* **EXERCISE DETAILS**
Repeat the entries below word for word, though any picture in them should be dropped.

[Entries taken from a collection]
● ● ● ● ● ● ●
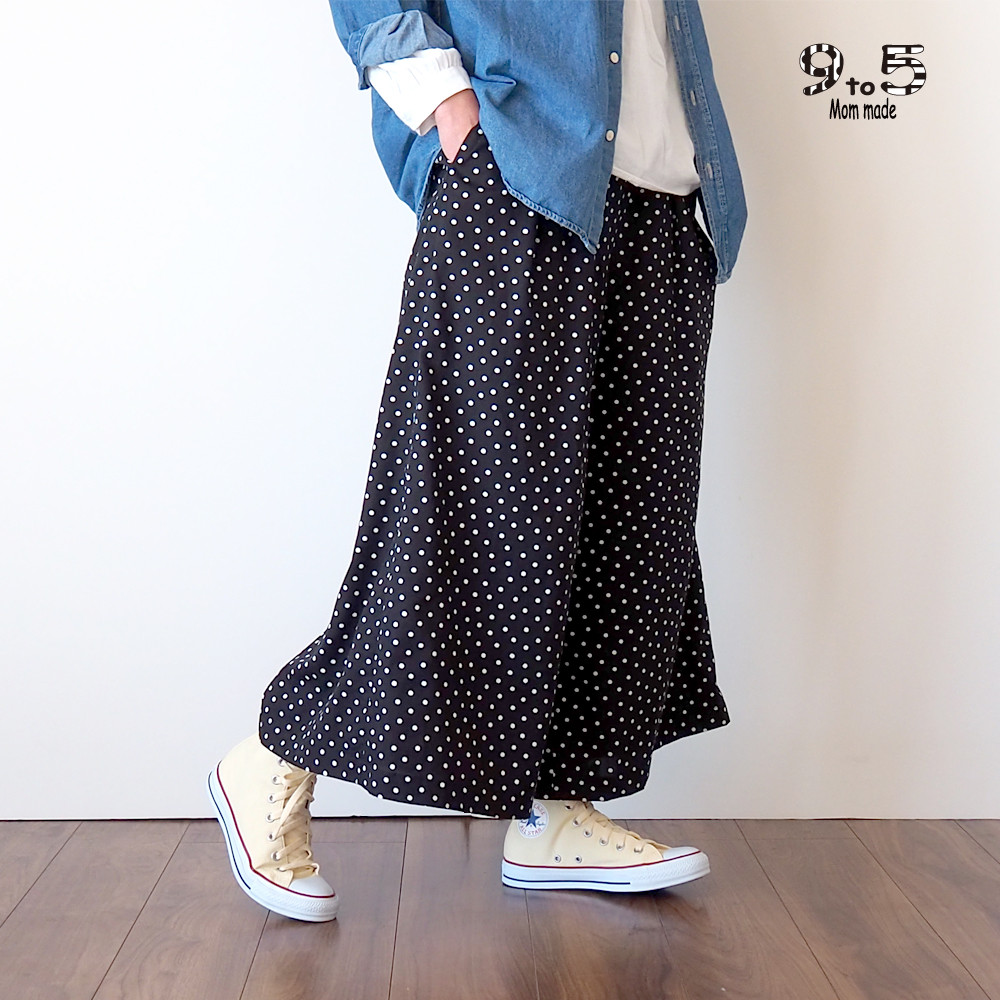 ワイドパンツ コットンレーヨン (ドット柄） キュロット・ワイド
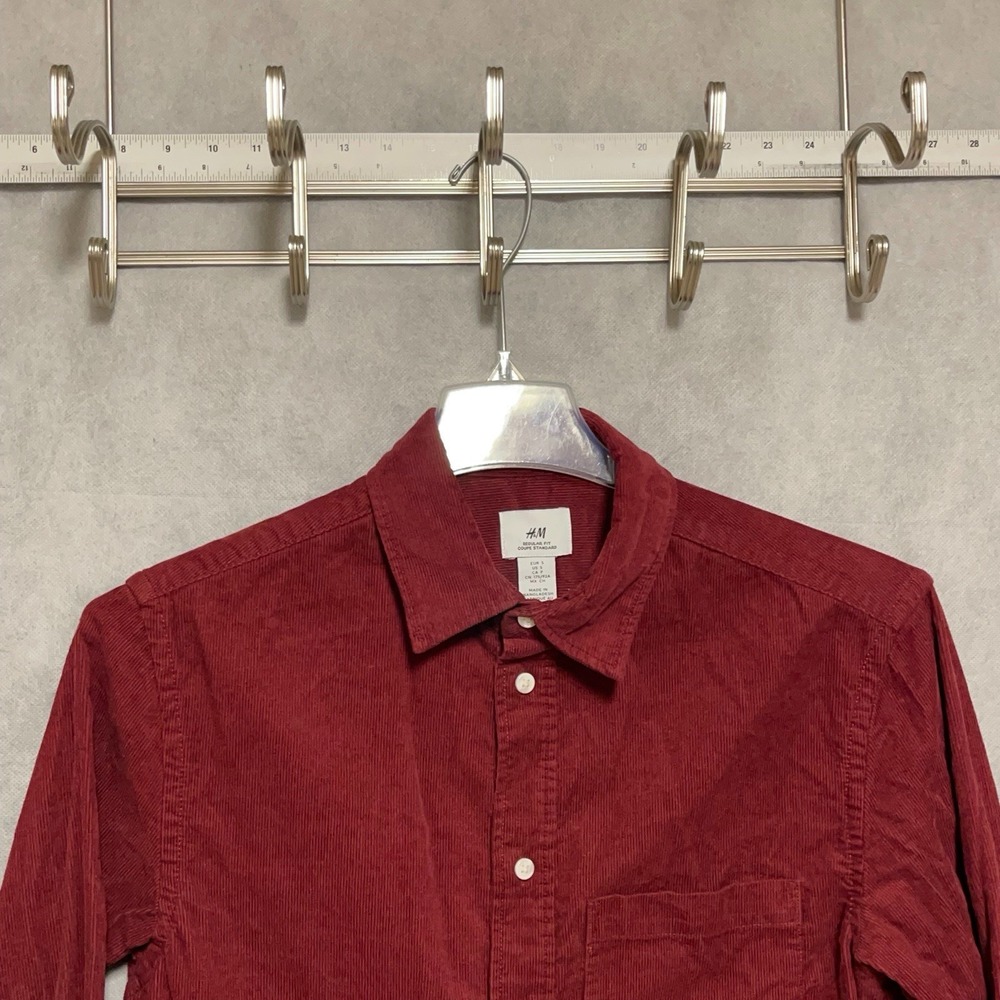 H&M Shirt Men's S Wine Corduroy Velvet Button Up Academia Party Western Casual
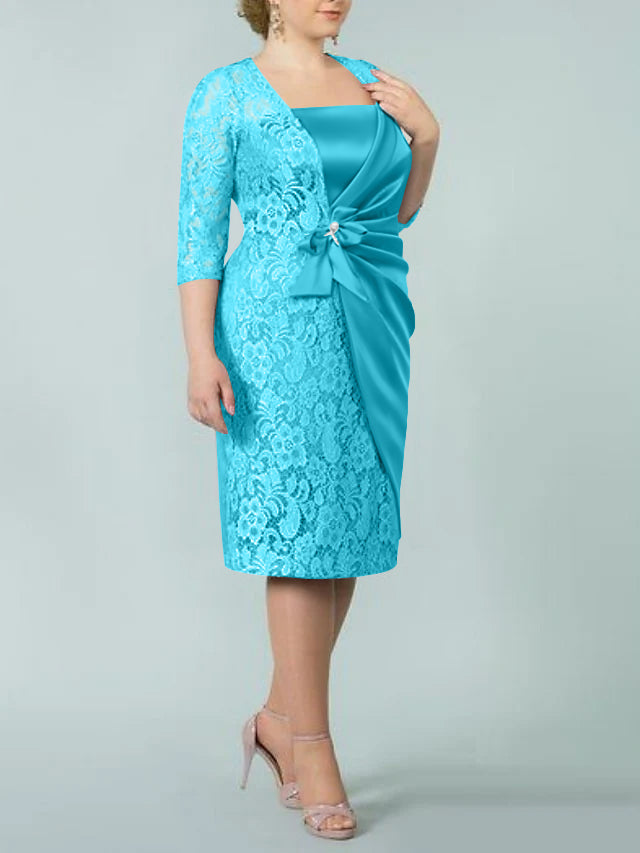 Square Neck Tea Length Sheath Column Dress for the Mother of the Bride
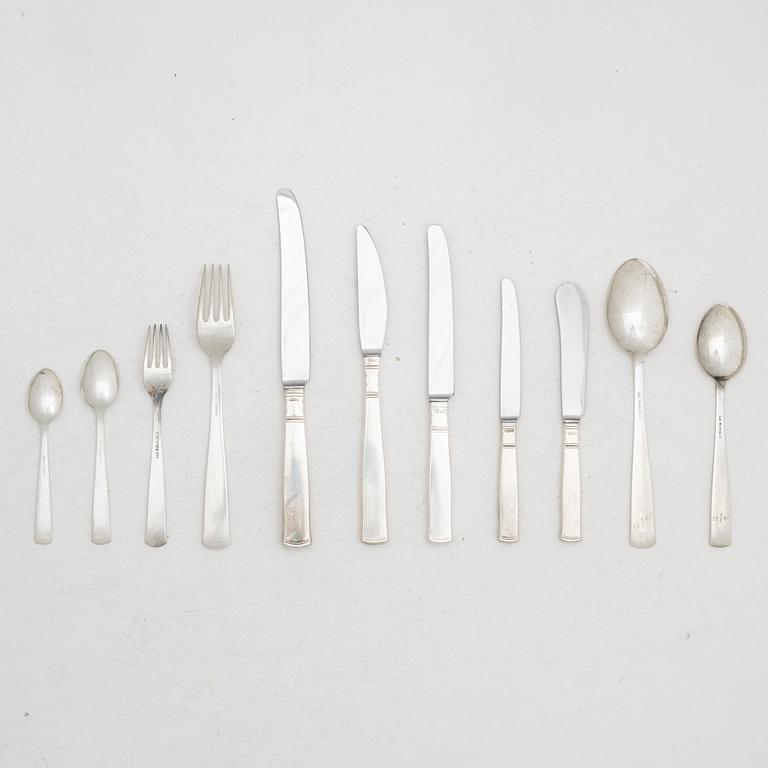 Jacob Ängman, A swedish silver cutlery set, 'Rosenholm', GAB, Stockholm (63 pieces).
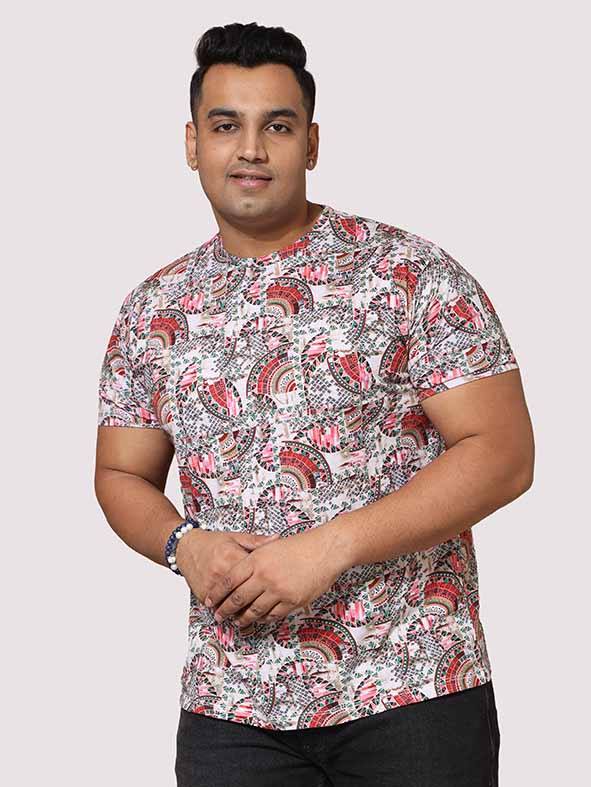 Men Plus Size Ethnic Red Digital Printed Round Neck T-Shirt - Guniaa Fashions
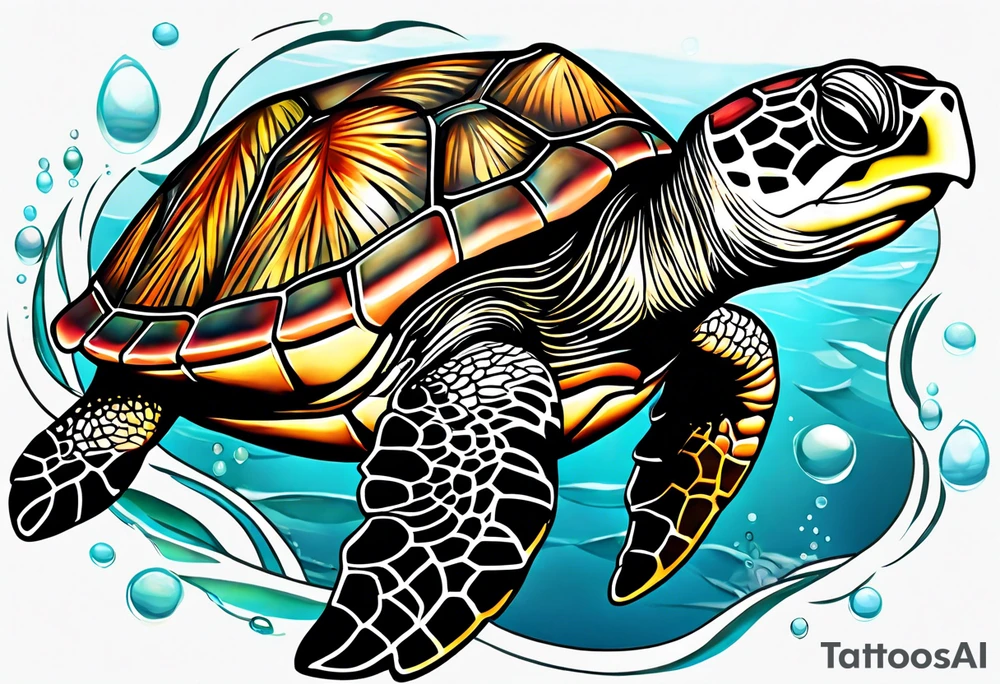 Mating sea turtles tattoo idea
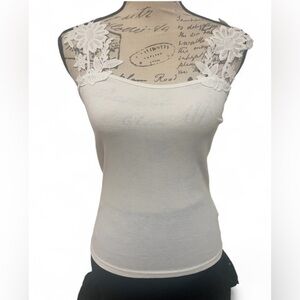 SHEIN White Floral Lace Strap Tank Top XS EUC
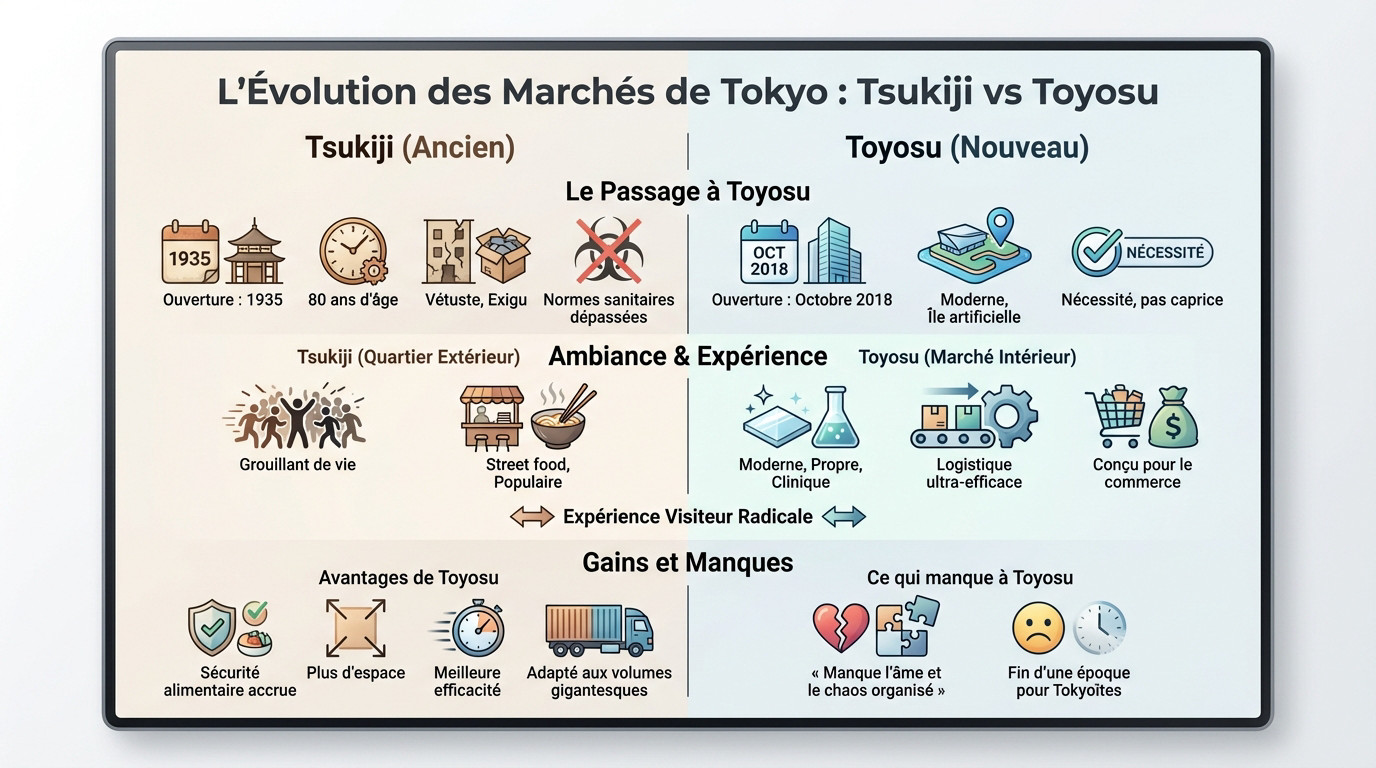 Comparaison entre l'ambiance traditionnelle de Tsukiji et l'architecture moderne de Toyosu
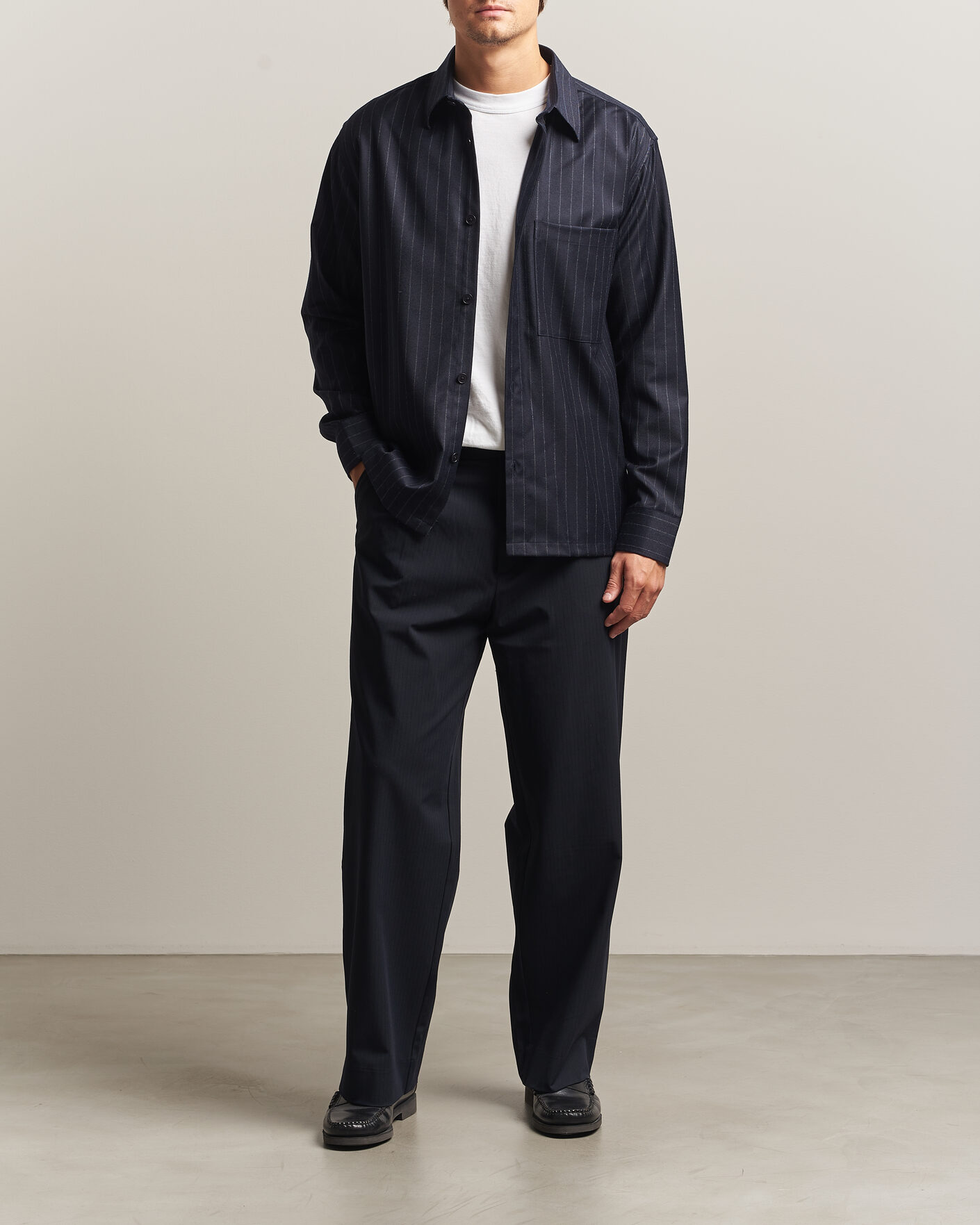 Uomini | Camicie | NN07 | Freddy Wool Pinstriped Overshirt Navy
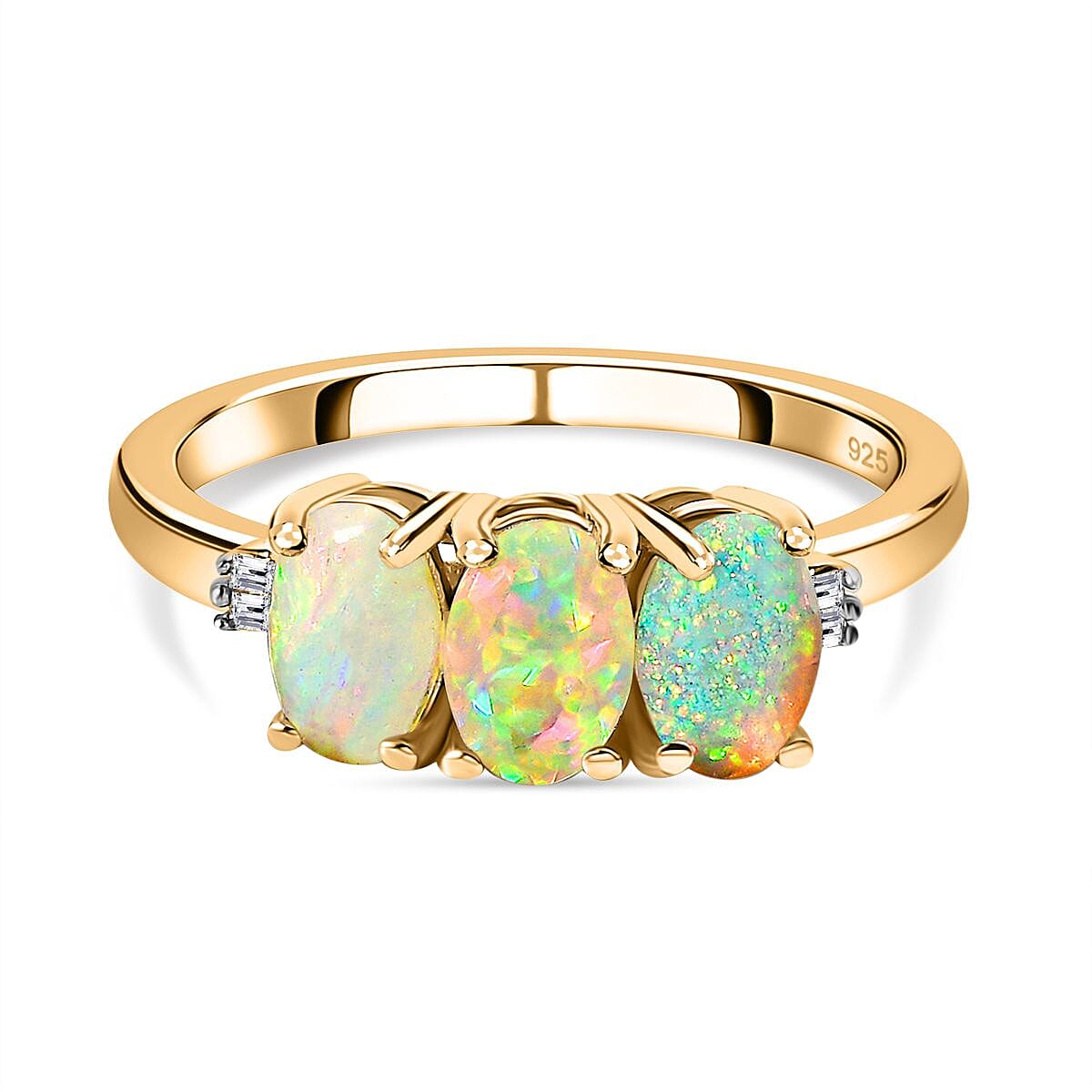 Ethiopian Welo Opal &amp; Diamond Ring in 18K Yellow Gold Vermeil Plated Sterling Silver 0.93 Ct. 7652430 0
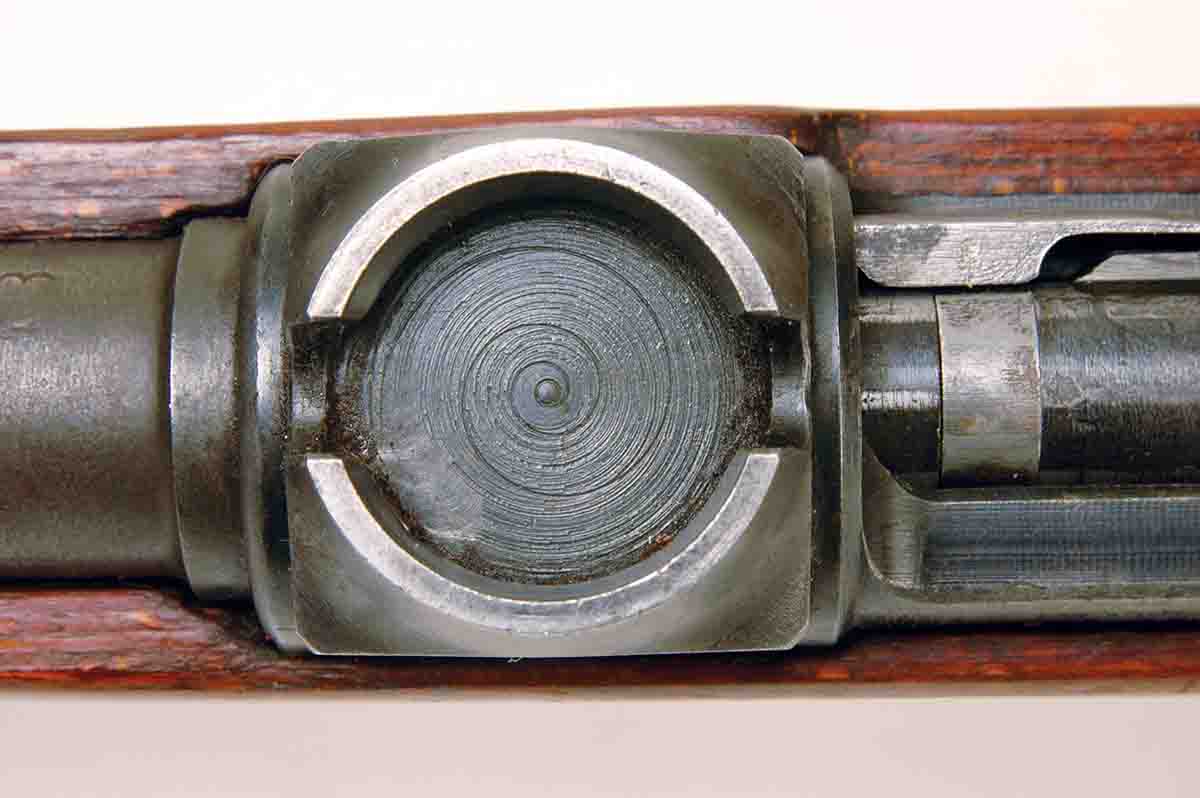 The Germans so believed in having both optics and iron sights available on their World War II sniper rifles that the turret-type mount was built with a “tunnel” through which the iron sights were visible.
● ● ● ● ● ● ●
* **TASK OUTPUT**
 ワイドパンツ コットンレーヨン (ドット柄） キュロット・ワイド
 H&M Shirt Men's S Wine Corduroy Velvet Button Up Academia Party Western Casual
 Square Neck Tea Length Sheath Column Dress for the Mother of the Bride
 Jacob Ängman, A swedish silver cutlery set, 'Rosenholm', GAB, Stockholm (63 pieces).
 Men Plus Size Ethnic Red Digital Printed Round Neck T-Shirt - Guniaa Fashions
 Mating sea turtles tattoo idea
 SHEIN White Floral Lace Strap Tank Top XS EUC
 Comparaison entre l'ambiance traditionnelle de Tsukiji et l'architecture moderne de Toyosu
 Uomini | Camicie | NN07 | Freddy Wool Pinstriped Overshirt Navy
 Ethiopian Welo Opal &amp; Diamond Ring in 18K Yellow Gold Vermeil Plated Sterling Silver 0.93 Ct. 7652430 0
 The Germans so believed in having both optics and iron sights available on their World War II sniper rifles that the turret-type mount was built with a “tunnel” through which the iron sights were visible.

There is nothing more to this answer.